I submit the following command to the job scheduler (where machine_file contains a list of hosts generated by the scheduler and test.jl just prints out host names across hosts:
julia --machinefile $HOME/machine_file test.jl
I get the following errors when trying to do so:
Warning: Permanently added 'c455-074' (ECDSA) to the list of known hosts.
/home1/04185/gh8728/julia/usr/bin/julia: /usr/lib64/libstdc++.so.6: version `GLIBCXX_3.4.20' not found (required by /home1/04185/gh8728/julia/usr/bin/../lib/libjulia.so.0.6)
/home1/04185/gh8728/julia/usr/bin/julia: /usr/lib64/libstdc++.so.6: version `GLIBCXX_3.4.21' not found (required by /home1/04185/gh8728/julia/usr/bin/../lib/libjulia.so.0.6)
/home1/04185/gh8728/julia/usr/bin/julia: /usr/lib64/libstdc++.so.6: version `GLIBCXX_3.4.21' not found (required by /home1/04185/gh8728/julia/usr/bin/../lib/libLLVM-4.0.so)
/home1/04185/gh8728/julia/usr/bin/julia: /usr/lib64/libstdc++.so.6: version `GLIBCXX_3.4.20' not found (required by /home1/04185/gh8728/julia/usr/bin/../lib/libLLVM-4.0.so)
ERROR: Unable to read host:port string from worker.

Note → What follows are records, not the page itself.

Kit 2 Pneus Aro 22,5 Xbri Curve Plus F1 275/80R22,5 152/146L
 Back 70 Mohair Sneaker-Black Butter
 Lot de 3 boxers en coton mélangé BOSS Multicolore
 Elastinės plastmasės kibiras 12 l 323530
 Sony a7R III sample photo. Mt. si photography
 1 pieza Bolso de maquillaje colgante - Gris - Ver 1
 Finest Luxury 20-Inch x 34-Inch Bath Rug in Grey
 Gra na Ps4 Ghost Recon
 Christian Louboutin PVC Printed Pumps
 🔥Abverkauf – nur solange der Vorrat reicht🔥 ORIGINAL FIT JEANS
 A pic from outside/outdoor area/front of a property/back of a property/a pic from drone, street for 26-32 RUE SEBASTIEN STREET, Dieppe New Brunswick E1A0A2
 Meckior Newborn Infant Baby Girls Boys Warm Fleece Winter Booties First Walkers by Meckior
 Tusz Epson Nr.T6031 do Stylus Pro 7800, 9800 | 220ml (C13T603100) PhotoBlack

Launch command exited with error?
read_worker_host_port(::Pipe) at ./distributed/cluster.jl:236
connect(::Base.Distributed.SSHManager, ::Int64, ::WorkerConfig) at ./distributed/managers.jl:391
create_worker(::Base.Distributed.SSHManager, ::WorkerConfig) at ./distributed/cluster.jl:443
setup_launched_worker(::Base.Distributed.SSHManager, ::WorkerConfig, ::Array{Int64,1}) at ./distributed/cluster.jl:389
(::Base.Distributed.##33#36{Base.Distributed.SSHManager,WorkerConfig,Array{Int64,1}})() at ./task.jl:335
Stacktrace:
[1] sync_end() at ./task.jl:287
[2] macro expansion at ./task.jl:303 [inlined]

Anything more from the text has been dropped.